And then we moved to cold, Anglo-centric Toronto. No more avocados, scallops or tortillas. It was the 60s after all. So, overdone roast beef, watery spaghetti sauce and tuna casserole came into our lives. Our mother tried to teach us to cook when she went back to school. Cooking pasta (we called it noodles), chopping an onion, peeling veg, measuring, making rice and washing dishes were things we learned. I don’t think the results were great, but I am grateful for the lessons. My fave dish from those days was tuna casserole. I am serious. There is something about that combo of the salty tuna, the creamy blandness of the mushroom soup, slippery noodles and crispy edges that is the epitome of comfort food. I’m pretty sure I made this more than once on a hungover Sunday in my twenties. Better than Kraft dinner!

cook 2 cups of broad egg noodles according to instructions
-open and drain one can of chunk white tuna
 -open a can of Campbell’s cream of mushroom soup
-drain the noodles and mix all the ingredients together in the noodle pot along with a nob of butter.
-pour into a greased 9×9” pyrex dish. If you are feeling fancy sprinkle crushed saltine crackers on top.           
-bake at 350 till bubbling and crispy.

 ( I just checked the Joy of Cooking recipe, and they recommend seasoning the soup with dry sherry! Hilarious!)

Another recipe that was easy for us kids to make and that we actually ate was hotdogs in cornbread:

 -put 6 hot dogs in a 9×9” pyrex dish
-place in a hot oven and roast till a bit brown and blistered
-mix one recipe of cornbread from the Joy of Cooking
 -pour it over the hot dogs and cook according to instructions
-serve with butter and yellow mustard on the side

I sometimes crave this meal, but know if I made it I would eat the whole thing and quickly descend down the spiral of shame.

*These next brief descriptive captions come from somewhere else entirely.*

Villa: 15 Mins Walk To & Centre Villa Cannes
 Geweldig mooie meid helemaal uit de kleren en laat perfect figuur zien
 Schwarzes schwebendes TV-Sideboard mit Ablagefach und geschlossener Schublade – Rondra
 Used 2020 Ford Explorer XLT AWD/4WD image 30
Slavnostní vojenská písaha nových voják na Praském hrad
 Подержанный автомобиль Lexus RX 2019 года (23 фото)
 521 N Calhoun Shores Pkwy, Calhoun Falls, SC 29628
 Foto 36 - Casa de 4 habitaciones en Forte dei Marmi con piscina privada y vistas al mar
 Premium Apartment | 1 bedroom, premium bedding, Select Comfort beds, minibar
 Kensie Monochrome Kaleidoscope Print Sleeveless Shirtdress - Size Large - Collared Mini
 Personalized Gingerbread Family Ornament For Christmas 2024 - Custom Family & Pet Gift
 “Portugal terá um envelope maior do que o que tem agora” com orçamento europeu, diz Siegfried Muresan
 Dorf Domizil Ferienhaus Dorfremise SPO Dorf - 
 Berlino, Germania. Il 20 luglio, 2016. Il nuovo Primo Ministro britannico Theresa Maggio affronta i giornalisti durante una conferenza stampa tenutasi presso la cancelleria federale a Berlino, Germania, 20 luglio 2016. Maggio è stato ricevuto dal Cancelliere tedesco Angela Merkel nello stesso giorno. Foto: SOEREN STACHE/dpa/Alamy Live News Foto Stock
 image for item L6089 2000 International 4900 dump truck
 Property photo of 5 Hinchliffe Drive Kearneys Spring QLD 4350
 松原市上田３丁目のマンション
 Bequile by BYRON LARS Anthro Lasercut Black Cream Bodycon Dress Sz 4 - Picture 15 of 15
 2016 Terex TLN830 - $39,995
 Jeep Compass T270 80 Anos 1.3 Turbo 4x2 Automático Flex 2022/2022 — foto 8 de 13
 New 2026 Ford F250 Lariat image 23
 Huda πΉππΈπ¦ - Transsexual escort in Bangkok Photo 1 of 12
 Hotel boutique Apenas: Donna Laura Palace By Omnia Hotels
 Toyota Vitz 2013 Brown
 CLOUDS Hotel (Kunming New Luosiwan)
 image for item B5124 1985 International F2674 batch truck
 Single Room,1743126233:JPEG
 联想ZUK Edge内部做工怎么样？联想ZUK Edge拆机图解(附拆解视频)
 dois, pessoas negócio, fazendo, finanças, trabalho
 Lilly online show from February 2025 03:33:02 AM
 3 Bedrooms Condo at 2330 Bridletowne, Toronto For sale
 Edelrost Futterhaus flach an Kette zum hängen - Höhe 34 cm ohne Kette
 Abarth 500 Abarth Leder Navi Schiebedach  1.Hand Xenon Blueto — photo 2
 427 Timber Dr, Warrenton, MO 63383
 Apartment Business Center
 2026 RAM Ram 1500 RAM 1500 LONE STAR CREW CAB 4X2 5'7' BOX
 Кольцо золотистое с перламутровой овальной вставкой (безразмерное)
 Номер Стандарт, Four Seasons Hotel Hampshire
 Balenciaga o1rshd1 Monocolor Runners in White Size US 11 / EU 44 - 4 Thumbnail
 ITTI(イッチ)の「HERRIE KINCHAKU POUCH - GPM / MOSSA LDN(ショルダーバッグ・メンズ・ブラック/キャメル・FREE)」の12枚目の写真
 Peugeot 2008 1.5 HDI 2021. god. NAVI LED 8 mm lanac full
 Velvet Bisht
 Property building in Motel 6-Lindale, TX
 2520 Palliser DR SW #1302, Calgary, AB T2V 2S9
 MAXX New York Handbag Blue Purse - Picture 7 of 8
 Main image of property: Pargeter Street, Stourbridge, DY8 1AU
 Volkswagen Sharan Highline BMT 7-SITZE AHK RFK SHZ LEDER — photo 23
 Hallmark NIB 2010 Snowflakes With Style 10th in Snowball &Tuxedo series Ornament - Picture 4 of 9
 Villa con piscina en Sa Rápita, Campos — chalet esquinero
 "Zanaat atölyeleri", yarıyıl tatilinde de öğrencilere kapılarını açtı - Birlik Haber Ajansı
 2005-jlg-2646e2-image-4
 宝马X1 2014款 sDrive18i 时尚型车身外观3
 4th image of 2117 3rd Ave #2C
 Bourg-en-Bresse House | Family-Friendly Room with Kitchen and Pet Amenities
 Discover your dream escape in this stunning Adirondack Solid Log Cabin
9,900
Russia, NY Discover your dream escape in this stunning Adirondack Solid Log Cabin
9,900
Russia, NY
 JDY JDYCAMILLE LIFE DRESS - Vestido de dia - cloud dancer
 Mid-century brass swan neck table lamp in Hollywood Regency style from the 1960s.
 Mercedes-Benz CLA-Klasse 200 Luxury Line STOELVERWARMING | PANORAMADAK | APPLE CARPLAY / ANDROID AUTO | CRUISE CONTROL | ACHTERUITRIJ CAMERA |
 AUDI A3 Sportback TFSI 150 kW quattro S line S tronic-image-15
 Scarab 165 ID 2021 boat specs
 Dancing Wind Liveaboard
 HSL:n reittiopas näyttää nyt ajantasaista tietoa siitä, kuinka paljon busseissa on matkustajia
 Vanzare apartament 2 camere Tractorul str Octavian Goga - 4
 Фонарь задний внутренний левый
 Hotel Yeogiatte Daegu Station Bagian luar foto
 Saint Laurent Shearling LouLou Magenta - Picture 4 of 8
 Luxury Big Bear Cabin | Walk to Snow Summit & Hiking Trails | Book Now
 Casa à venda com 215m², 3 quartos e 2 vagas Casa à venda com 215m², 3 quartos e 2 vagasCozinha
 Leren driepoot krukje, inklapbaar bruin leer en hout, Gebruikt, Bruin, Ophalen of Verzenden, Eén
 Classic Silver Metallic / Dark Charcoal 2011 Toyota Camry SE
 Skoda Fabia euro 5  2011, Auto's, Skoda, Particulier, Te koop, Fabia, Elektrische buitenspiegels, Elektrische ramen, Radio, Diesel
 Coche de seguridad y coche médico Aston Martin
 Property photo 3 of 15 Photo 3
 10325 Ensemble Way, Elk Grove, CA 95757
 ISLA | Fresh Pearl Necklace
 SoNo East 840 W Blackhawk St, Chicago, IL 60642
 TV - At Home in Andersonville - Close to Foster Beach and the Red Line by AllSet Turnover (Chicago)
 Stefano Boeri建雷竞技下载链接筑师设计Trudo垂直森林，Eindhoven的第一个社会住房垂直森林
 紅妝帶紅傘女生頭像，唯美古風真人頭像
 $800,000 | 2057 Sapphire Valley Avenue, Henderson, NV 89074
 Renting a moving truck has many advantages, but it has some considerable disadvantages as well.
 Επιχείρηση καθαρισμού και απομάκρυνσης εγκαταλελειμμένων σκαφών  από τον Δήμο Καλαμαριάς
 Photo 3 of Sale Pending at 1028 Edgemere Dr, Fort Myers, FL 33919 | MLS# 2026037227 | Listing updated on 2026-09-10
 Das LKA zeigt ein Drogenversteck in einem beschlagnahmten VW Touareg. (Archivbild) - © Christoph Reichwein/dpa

 My mom tried, she just didn’t have much to work with and not much inspiration in those busy days. We never had Kraft slices, Wonder bread, pop or ketchup in the house. I didn’t know what pizza or french fries were till I was in junior high. I remember visiting my grade 7 friend in her wealthy parents’ fancy penthouse apartment. Their live-in cook would make us toasted Wonder bread topped with bacon and  melted processed cheese. Served with ketchup. I loved it. However, I am grateful that our mother raised us on real food and set us on the path to healthy eating.

Things started looking up in the 80’s. Mediterranean, Asian and Indian food were starting to trend. My mother was travelling a lot then and brought back recipes and fresh ideas. We thumbed through Gourmet magazine and cookbooks looking for our next dinner adventure. The more complicated the better. We would make forays to Kensington market, Chinatown and little India seeking exotic ingredients. And then spend hours in the kitchen, often at Mom’s, gathered around the butcher block on our periodic Friday night family dinners, with mixed results. It was fun and challenging and I learned much that has stayed with me. Pasta from scratch, fresh herbs, toasting and grinding spices, rehydrating dried mushrooms and peppers, fresh cheeses…risotto! So much to discover.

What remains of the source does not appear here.